Plastic Logic Develops Flexible EPD Panels
April 17, 2017
Plastic Logic Germany, a manufacturer of flexible displays established in November 2000 when it was spun out of Cambridge University has developed a process for printing organic thin film transistors (OTFTs) and wants to be a player in the emerging flexible and foldable display market. Plastic Logic’s original research focused on polymer dispersed liquid crystals (PDLC) on glass, as well as on transistor stability and new front planes, today Plastic Logic Germany has created an industrialized process that enables it to mass produce a glass-free backplane.

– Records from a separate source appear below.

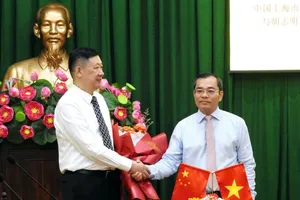 Công an TPHCM tiếp, làm việc với đoàn Công an Thượng Hải - Trung Quốc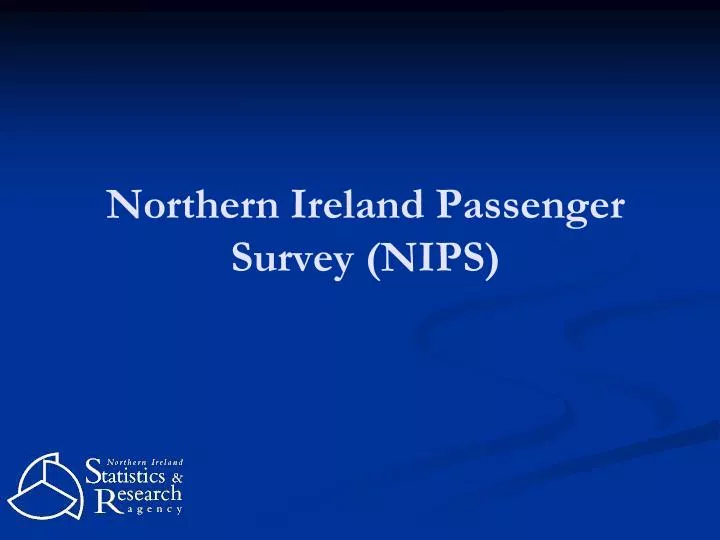 northern ireland passenger survey nips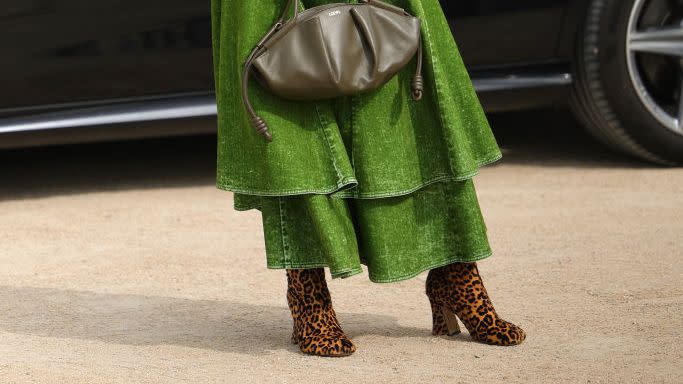 loewe outside arrivals paris fashion week womenswear springsummer 2024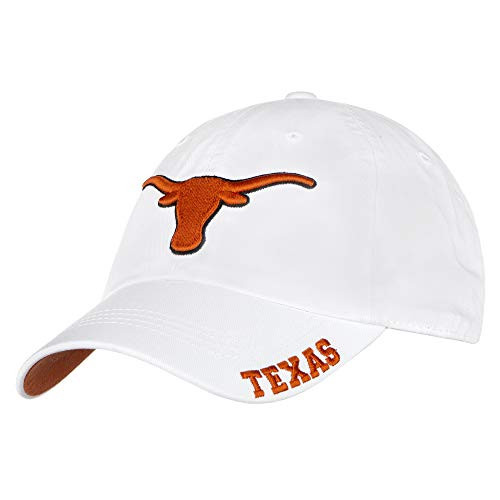 University of Texas Authentic Apparel NCAA Texas Longhorns Mens Basic Slouch Cap White One Size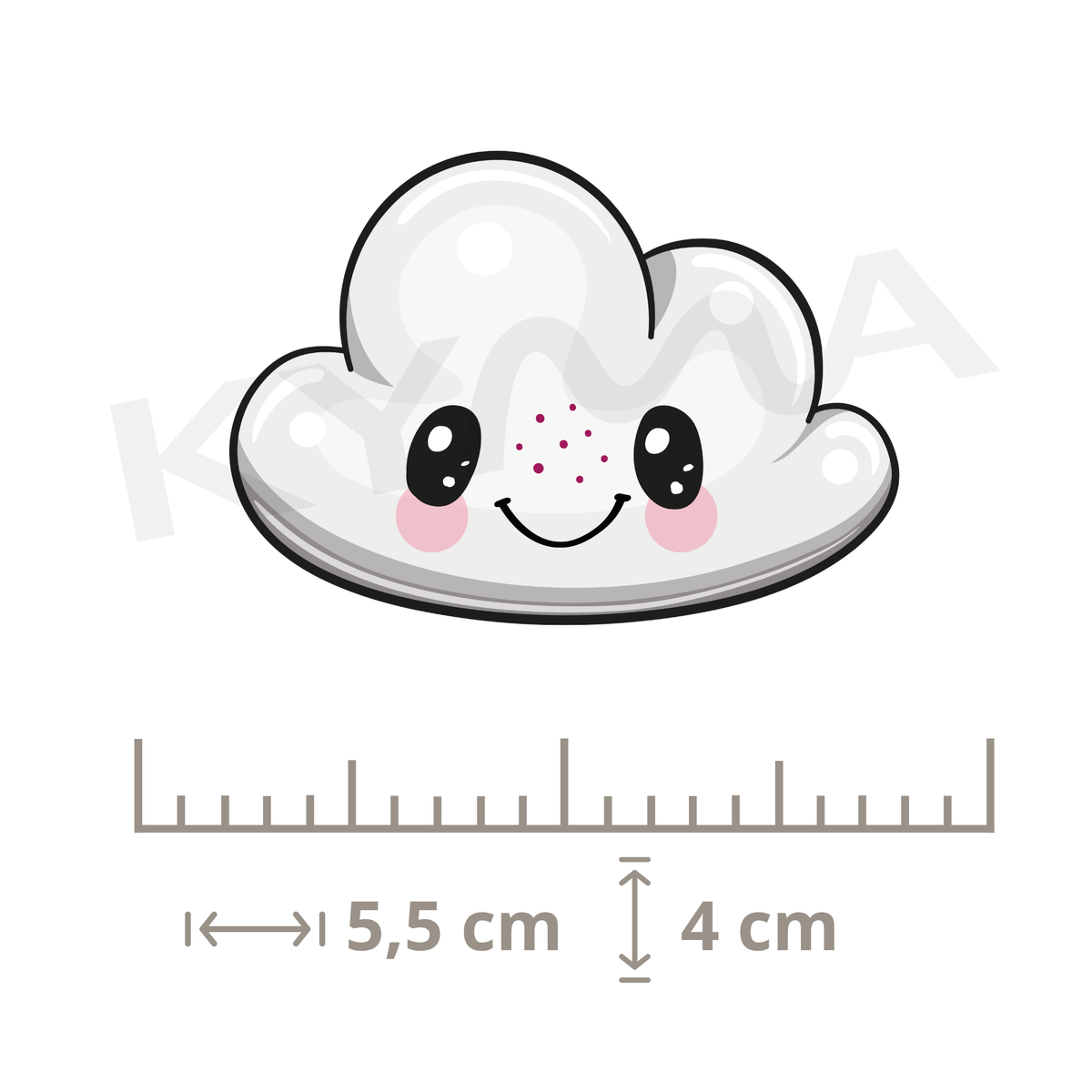 Nube Sonriente DTF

The company produces transistor arrays on plastic and its active-matrix backplane consists of (OTFTs) on PET. This backplane when coupled with a flexible display medium, such as flexible OLED or EPD, can be used in flexible displays. The roots of Plastic Logic Germany were laid in May 2007 when it was decided to build a display factory in Dresden. The facility comprises of a 3800m² clean room area, for backplane processing and test and assembly processes as well as a pilot production line for large area, smart, flexible electronic applications on plastic substrates,” says the company’s CEO Tim Burne. We are the only company that has moved beyond the prototype stage in sheet-to-sheet manufacturing and begun the industrialization of flexible electronics in Europe.” Our Lectum displays are much more rugged than standard glass-based EPDs, as well as being lighter and thinner.” Today Plastic Logic is focused on markets that include payment cards looking to integrate a display into their credit cards and wearables. The company can currently supply 1.1” to 4” screens but can also supply displays up to 10.7” in diagonal. Further investment is planned at the plant with the aim of delivering larger screen sizes.
Figure 1: 4” EPD Panel 400x24
Using OTFTs to drive OLED displays has been a long-term goal of Plastic Logic and its offspring FlexEnable. While they have been able to show some prototypes, commercialization has been elusive as the uniformity, reliability and mobility requirements to drive OLEDs have not been attainable using OTFTs.